AlphaBlending

For average .bmp enjoyers.

Overview

The goal of this project is implementing Alpha Blending algorithm the most effecient way.

To maximize performance we are going to use SSE instructions.

CPU: Intel Core i5 11300H Tests were conducted on 800 x 600 Background image and 236 x 127 Foreground image

We want to mix two images in RGBA profile together. Each pixel will be calculated according to this expression:

$newColor_{red} = backgroundColor_{red} * \alpha + foregroundColor_{red} * (\alpha - 1)$

The same goes for green and blue channels. Alpha of new pixel will be the same as alpha of current background pixel.

Quick Start

First clone repo:

git clone "https://github.com/flopsreallygotit/AlphaBlending.git"

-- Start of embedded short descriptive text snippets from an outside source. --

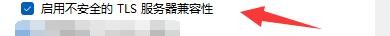 糖果浏览器3中如何启用IE不安全TLS服务器不兼容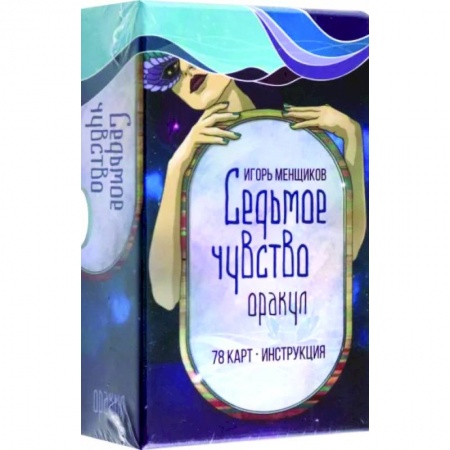 Гадание по картам Таро, книга Седьмое чувство купить по скидке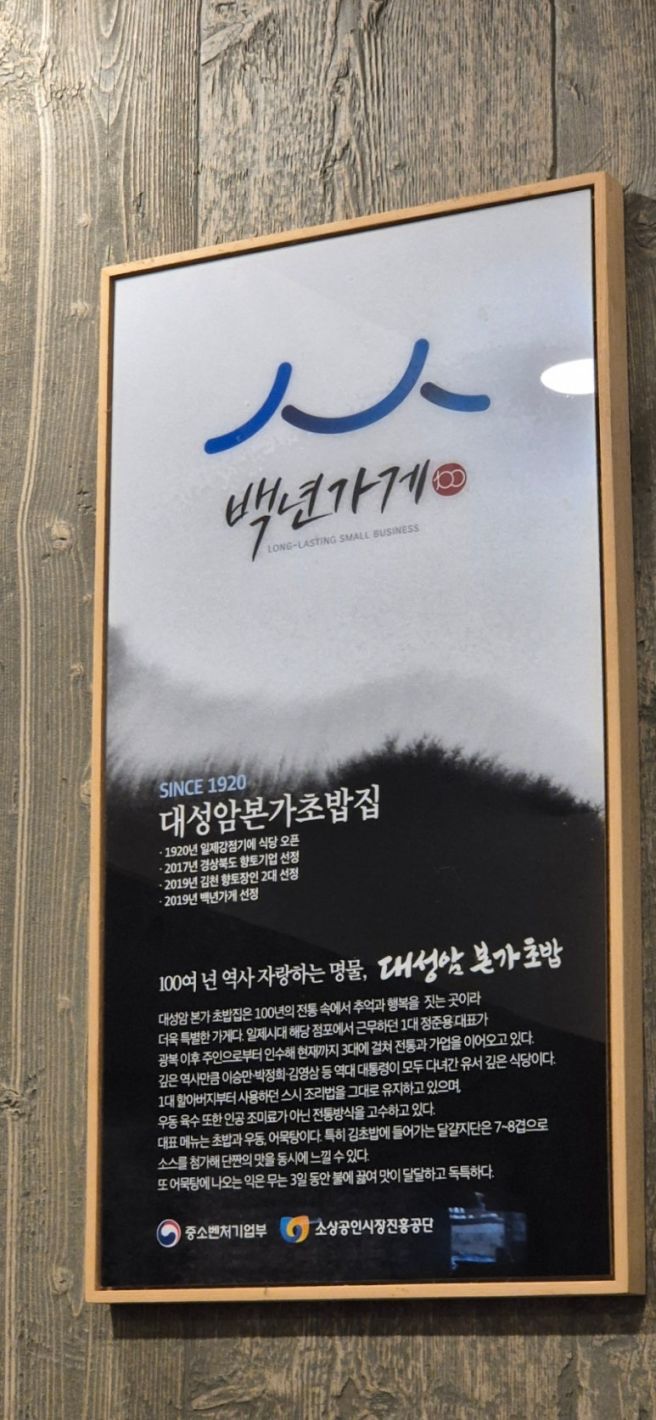 [경북 김천] 평화동 김천역 100년 넘은 스시 초밥 맛집 <대성암초밥집> - 2025.9.21
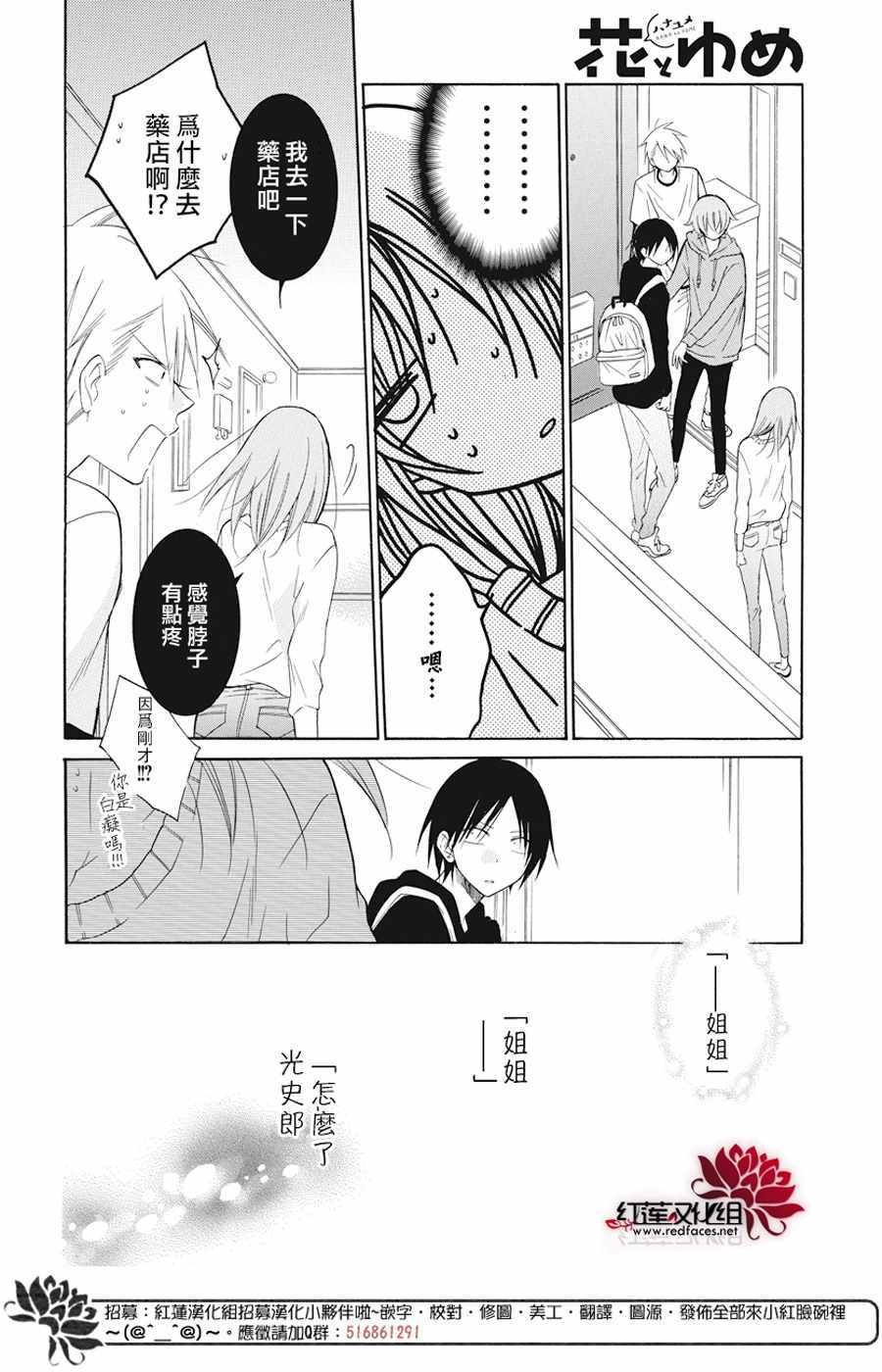 第92话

Then switch to repo directory and type this:

make
./main

Don't forget to change flags in Makefile. Now you can research the SSE instructions optimization by yourself!

First approach

We can calculate each pixel iteratively.

unsigned foregroundAlpha = foregroundColor >> 24;
unsigned newColor = backgroundColor & 0xFF000000;

for (int idx = 0; idx < 24; idx += 8)
{
    unsigned foregroundChannel = ((0xFF << idx) & foregroundColor) >> idx;
    unsigned backgroundChannel = ((0xFF << idx) & backgroundColor) >> idx;

    newColor += ((foregroundChannel * foregroundAlpha + 
                    backgroundChannel * (255 - foregroundAlpha)) / 255) << idx;
}

Optimizing with SSE instructions

We can calculate 4 pixels at once using intrinsic functions. Intrinsic function I won't show the example of code, because it's a bit difficult to perceive. Better check it in mainUtils.cpp.

Performance

Let's check the perfomance table below.

Calculation Loops count: 10000 Number of values for average getting: 5

Version	Compilation flags	Time, seconds	Speed Growth
SLOW	None	3.824 +- 0.005	None
SLOW	-О3	0.936 +- 0.012	4.085
SLOW	-Оfast	0.96 +- 0.04	3.983
SLOW	-mavx512dq -Оfast	0.938 +- 0.012	4.077
FAST	-mavx512dq -О3	0.152 +- 0.004	25.15
FAST	-mavx512dq -Ofast	0.1503 +- 0.0027	25.442

Speed increased about 25.5 times for slowest and fastest version and about 6.5 times for slow and fast version with -Ofast compilation flag. This confirms the effectivness of SSE instructions.

Also there is negative growth in speed if we don't use optimization flags, because of ineffecient usage of SIMD registers.

Conclusion

SSE instructions allowed us to speed up the calculations 25.5 times. However the amount of code and it's difficulty became bigger too.